The year 1605, moreover, marked not only the escape from these difficulties but the beginning of Jonson’s happiest days. His Masque of Blacknesse was the first of the long series with which he delighted the court of James; and his comedy Volpone achieved a triumph both in London theatres and upon its presentation at the two universities. The ensuing decade was Jonson’s prime. He produced his four masterly comedies: Volpone in 1605 or 1606, The Silent Women (Epicoene) in 1609, The Alchemist in 1610 and Bartholomew Fayre in 1614; and his tragedy Catiline in 1611; he wrote nearly all the important masques for the court, and won increasing favour with his patrons and the king; and, at the Mermaid tavern, which beheld his wit-combats with Shakespeare and the meetings vividly described by Beaumont, he gained recognition as a leader among London poets and wits. Of his occupations outside literature, we know little, except that he was employed in connection with the discovery of the gunpowder treason, and, in 1613, was tutor to Ralegh’s son in France.

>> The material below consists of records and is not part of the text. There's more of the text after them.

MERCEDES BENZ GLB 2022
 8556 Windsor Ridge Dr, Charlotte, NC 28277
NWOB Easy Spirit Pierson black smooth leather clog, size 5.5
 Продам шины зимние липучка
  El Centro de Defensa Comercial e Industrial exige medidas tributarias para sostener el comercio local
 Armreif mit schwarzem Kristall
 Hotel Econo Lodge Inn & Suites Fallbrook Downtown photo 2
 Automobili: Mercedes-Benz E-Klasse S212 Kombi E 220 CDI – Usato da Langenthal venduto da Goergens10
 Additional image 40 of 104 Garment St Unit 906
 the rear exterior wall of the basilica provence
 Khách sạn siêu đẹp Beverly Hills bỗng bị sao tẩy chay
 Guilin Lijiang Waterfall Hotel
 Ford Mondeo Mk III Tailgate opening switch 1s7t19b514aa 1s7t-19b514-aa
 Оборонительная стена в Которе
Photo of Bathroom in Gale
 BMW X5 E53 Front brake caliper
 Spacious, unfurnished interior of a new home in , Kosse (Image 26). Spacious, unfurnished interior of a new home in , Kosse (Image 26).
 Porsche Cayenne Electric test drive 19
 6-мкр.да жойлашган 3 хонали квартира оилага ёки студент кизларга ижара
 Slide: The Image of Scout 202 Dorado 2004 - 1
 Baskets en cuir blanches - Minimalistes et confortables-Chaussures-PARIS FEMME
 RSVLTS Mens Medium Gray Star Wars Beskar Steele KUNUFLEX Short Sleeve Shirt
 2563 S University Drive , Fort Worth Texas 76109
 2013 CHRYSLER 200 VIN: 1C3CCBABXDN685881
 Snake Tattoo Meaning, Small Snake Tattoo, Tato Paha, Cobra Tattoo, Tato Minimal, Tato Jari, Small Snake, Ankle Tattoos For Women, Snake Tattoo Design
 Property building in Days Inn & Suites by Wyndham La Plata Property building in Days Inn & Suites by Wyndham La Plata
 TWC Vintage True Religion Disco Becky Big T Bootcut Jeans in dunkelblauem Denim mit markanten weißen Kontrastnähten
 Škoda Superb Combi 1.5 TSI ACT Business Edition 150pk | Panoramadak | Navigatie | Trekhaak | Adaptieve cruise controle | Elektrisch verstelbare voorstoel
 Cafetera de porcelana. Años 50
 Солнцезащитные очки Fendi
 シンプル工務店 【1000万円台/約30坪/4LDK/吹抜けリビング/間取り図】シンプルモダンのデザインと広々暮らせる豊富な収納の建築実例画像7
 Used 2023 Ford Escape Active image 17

In 1616, there appeared a folio edition of his works, carefully edited, including his entertainments, masques and plays (except The Case is Altered) already produced, with collections of poems entitled Epigrams and The Forest. This edition set an example for the recognition of the drama as literature. In the same year, his play The Divell is an Asse was acted; and, in 1618, he made a pedestrian expedition to Scotland, where he was entertained by the literati of Edinburgh, and was a guest of the poet Drummond of Hawthornden who proved an unadmiring Boswell. On his return, he spent some time at Oxford, where he met with the welcome due to him as a scholar and a poet. In 1616, he had been granted a pension of a hundred marks, and, later, he received the reversion to the mastership of the revels; but he did not live to enjoy the benefits of that lucrative office. This was an era of great prosperity for Jonson. James considered the question of making him a knight; his masques continued to be received with great favour at court; and he was able to withdraw entirely from the public stage. At the Apollo room in the Devil tavern he had established a new court of wits, whither young poets thronged to hail him as oracle. Outside literary circles as within, his friends included the greatest and worthiest of the time—Camden, Selden, Clarendon, Falkland, d’Aubigny, the Pembrokes and the Cecils. Clarendon tells us that “his conversation was very good and with men of most note.”